Review of “Kanyini”
What is most extraordinary about this beautiful and gracious film is that we have never heard this word before. Kanyini – or the complex interconnectedness that underpins aboriginal culture – is such a simple and powerful idea, and so sublimely explained by Bob Randall, the wise old narrator of the film, that all Australians should be aware of it. It helps us understand what it means to be part of the land and, more significantly, part of the 40,000-year-old culture that has developed on that land.
Director Melanie Hogan, realizing she had no contact with, nor understanding of the traditional people of the nation, traveled to the desert “to learn about Indigenous Australia – in a blackfella way – through communication and relationship.” There she found Bob Randall, or Uncle Bob as he is more fondly referred to, who becomes the narrator of this documentary. Uncle Bob tells us his personal story and explains the significance of Kanyini. In doing so, he also tells us the history of the aboriginal people - covering some familiar ground, but always in very personal and very calm way.
We are slowly seduced into the storytelling world with some exquisite photography from the red centre of Australia, and with Uncle Bob’s magical voice. When combined with historical footage of aboriginal people living around Uluru, a sense of wisdom and authority emerges. We learn, as if from a great sage speaking the truths of an old culture that has much to tell us.
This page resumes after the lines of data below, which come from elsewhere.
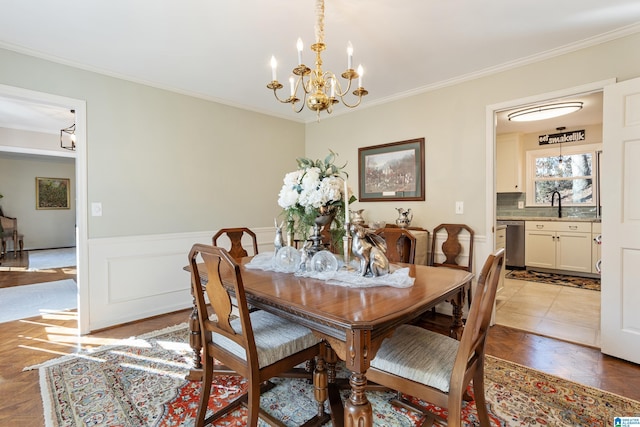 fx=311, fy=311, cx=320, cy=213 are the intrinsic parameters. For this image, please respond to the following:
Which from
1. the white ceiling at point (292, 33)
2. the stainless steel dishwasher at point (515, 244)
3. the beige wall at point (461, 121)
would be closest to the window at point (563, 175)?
the stainless steel dishwasher at point (515, 244)

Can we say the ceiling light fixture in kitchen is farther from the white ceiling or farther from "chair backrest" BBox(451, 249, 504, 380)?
"chair backrest" BBox(451, 249, 504, 380)

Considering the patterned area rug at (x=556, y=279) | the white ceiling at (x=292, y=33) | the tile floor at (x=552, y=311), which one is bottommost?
the tile floor at (x=552, y=311)

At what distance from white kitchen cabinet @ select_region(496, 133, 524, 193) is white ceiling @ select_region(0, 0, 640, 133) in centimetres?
305

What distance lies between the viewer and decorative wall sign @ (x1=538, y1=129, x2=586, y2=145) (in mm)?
5078

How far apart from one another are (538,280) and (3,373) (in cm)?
594

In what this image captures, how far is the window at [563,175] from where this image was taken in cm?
511

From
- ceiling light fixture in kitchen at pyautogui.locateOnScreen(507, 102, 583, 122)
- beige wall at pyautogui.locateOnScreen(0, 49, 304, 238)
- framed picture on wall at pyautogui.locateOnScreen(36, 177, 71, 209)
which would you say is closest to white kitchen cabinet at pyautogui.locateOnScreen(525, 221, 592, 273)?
ceiling light fixture in kitchen at pyautogui.locateOnScreen(507, 102, 583, 122)

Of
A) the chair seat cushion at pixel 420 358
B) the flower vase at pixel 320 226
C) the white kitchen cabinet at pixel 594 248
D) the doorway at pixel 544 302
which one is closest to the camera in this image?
the chair seat cushion at pixel 420 358

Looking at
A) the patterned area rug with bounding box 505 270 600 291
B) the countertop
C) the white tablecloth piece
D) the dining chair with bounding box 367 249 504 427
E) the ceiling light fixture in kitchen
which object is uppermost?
the ceiling light fixture in kitchen

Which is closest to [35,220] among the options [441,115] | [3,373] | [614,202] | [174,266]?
[174,266]

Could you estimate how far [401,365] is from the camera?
50.6 inches

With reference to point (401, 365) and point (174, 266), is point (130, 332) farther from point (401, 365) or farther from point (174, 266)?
point (401, 365)

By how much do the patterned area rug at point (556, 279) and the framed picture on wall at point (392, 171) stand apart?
8.72 feet

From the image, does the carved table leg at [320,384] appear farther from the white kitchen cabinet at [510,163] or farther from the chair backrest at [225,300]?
the white kitchen cabinet at [510,163] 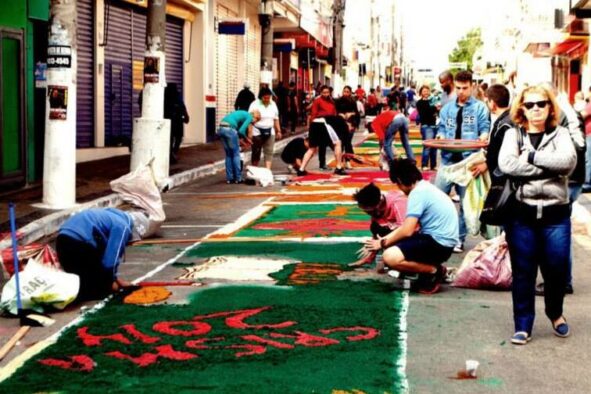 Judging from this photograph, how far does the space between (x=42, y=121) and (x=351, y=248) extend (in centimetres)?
859

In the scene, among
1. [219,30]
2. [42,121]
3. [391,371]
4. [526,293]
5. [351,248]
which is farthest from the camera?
[219,30]

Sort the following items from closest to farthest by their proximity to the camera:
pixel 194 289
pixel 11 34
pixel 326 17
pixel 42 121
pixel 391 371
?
pixel 391 371
pixel 194 289
pixel 11 34
pixel 42 121
pixel 326 17

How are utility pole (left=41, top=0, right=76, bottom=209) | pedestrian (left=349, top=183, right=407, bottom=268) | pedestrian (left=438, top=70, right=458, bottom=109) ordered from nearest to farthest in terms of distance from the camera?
1. pedestrian (left=349, top=183, right=407, bottom=268)
2. utility pole (left=41, top=0, right=76, bottom=209)
3. pedestrian (left=438, top=70, right=458, bottom=109)

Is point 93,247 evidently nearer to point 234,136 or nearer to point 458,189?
→ point 458,189

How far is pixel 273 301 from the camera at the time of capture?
847 centimetres

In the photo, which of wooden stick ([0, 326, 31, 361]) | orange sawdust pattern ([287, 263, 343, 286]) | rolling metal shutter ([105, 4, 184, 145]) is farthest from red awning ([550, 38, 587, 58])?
wooden stick ([0, 326, 31, 361])

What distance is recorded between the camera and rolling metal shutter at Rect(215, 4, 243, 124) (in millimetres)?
35312

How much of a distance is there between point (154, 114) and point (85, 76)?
4747 mm

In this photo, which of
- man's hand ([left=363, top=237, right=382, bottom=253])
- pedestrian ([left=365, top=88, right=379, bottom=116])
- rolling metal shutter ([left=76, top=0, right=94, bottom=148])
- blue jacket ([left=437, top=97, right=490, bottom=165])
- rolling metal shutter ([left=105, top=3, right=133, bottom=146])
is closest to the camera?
man's hand ([left=363, top=237, right=382, bottom=253])

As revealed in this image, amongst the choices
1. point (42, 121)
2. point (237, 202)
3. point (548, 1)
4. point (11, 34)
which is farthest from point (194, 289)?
point (548, 1)

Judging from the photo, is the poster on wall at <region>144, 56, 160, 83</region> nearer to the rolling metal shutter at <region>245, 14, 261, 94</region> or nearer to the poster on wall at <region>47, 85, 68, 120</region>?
the poster on wall at <region>47, 85, 68, 120</region>

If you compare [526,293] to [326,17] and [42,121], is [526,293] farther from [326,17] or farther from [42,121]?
[326,17]

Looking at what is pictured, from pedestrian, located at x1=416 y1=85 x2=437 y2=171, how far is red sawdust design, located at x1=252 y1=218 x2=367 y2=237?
29.2ft

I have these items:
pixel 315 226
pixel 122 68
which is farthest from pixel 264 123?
pixel 315 226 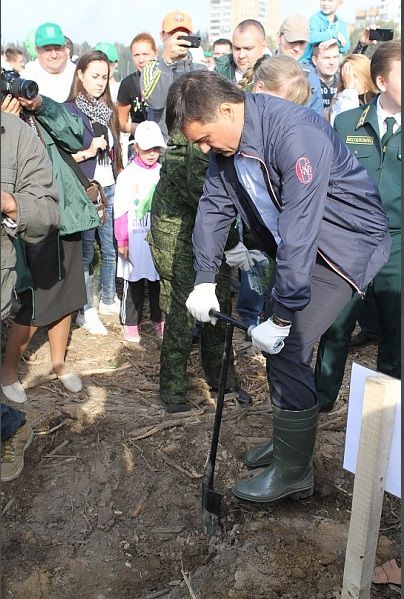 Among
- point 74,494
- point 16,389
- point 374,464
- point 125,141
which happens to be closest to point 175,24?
point 125,141

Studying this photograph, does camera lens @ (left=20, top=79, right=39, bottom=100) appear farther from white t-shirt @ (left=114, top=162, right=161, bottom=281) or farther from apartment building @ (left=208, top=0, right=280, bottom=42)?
apartment building @ (left=208, top=0, right=280, bottom=42)

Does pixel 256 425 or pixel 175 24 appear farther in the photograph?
pixel 175 24

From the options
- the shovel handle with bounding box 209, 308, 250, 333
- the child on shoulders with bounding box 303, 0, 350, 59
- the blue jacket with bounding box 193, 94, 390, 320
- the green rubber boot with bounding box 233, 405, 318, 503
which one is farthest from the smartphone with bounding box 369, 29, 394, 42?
the green rubber boot with bounding box 233, 405, 318, 503

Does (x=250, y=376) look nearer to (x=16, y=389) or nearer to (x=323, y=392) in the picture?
(x=323, y=392)

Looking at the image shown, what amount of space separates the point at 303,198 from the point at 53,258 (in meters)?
1.83

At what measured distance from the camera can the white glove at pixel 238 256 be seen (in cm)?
367

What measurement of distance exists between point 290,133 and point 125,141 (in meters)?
4.86

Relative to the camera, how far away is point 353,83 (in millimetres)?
5461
Yet Bob is too close to the pain that has been inflicted on Aboriginal people to remain the impartial guru for long: once he has us listening to him carefully, he tackles issues of the Stolen Generation, aboriginal massacres, and contemporary policy. There are some confronting moments when polarities are foregrounded: white/black, rich/poor, wealthy tourists/petrol sniffers, you/me. Whatever our position, we have no space to escape in this dialogue and, despite Bob’s ironic laughter, it is impossible not to see the anger and sadness in his old eyes.
But before the film becomes another sad profiling of the current state of aboriginal affairs and before the narrative is lost to divisiveness, Hogan and Uncle Bob bring us back to Kanyini, and the concept of a oneness that could provide us with a different, shared future. Uncle Bob explains how Kanyini makes us all brothers and sisters, all part of the same oneness, all with the same mother – Australia. For this reason alone, this is an really important and compelling documentary.